In the NT, the Messiah Himself often employs the literary form of parables.[23]  For example, when asked to define 'who is my neighbor', Jesus, rather than providing an abstract definition, recounts the parable of the Good Samaritan!  Ellen White also mentions that the  "words of Jesus were full of freshness, and truth and beauty." (DA 139)

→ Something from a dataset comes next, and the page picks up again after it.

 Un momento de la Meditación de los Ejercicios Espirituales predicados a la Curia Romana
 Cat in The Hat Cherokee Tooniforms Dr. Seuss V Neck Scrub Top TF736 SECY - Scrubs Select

In the Pauline materials one finds profound theological discourse laced with doxology.  A good example of this is in the book of Romans.  John Stott is perceptive:

"For eleven chapters Paul gives his comprehensive account of the gospel, and his horizons are vast.  He considers time and eternity, history, Christ's Second coming, justification, sanctification and glorification.  Now he stops, out of breath.  Analysis and argument must give way to adoration.  Like a traveller who has reached the summit of a high mountain, the apostle views the vast panorama of salvation history and bursts into praise.... Before Paul goes on to outline the practical implications of the gospel, he falls down before God in worship, chanting his doxology in poetic strains:

 

'O, the depth of the riches both of the wisdom and knowledge of God!  How unsearchable are His judgments and His ways past

finding out!  For who has known the mind of the LORD?  Or who has become His counselor? ... For of Him and through Him and to Him are all things, to whom be glory forever. Amen'"[24]

 

Book of Revelation: Stark warnings and curses underscore the profound importance of the Apocalypse.  The entire book displays an imposing mosaic of drama, architecture, and vivid panoramas in which God displays His perspective on Salvation History.  There is hardly an original word.  Instead one finds an extremely complex tapestry of words, phrases and sentences borrowed from the OT but woven together into an entirely new fabric.  This final book in the NT is in a vastly different style than that which Paul and the Gospel writers use.  One instead finds overwhelming aesthetic display.  These 22 chapters are not an erratic jumble, but rather reveal a carefully structured document hinging on seven scenes of the heavenly sanctuary--each one opening with deeper access into the heavenly court.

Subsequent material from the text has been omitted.